## WHAT YOU HAVE TO DO
For the material below, return exactly the lines starting at the one holding "The Praise Of" and ending at the one holding "Myter om krigen", counting both as part of the range.

## DATA FOR THE TASK
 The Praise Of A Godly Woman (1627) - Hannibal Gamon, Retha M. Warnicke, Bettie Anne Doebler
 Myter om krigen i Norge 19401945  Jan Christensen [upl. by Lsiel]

...

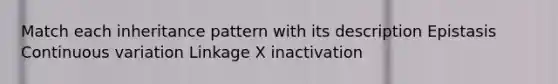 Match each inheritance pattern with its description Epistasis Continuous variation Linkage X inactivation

## ANSWER BELOW
 The Praise Of A Godly Woman (1627) - Hannibal Gamon, Retha M. Warnicke, Bettie Anne Doebler
 Myter om krigen i Norge 19401945  Jan Christensen [upl. by Lsiel]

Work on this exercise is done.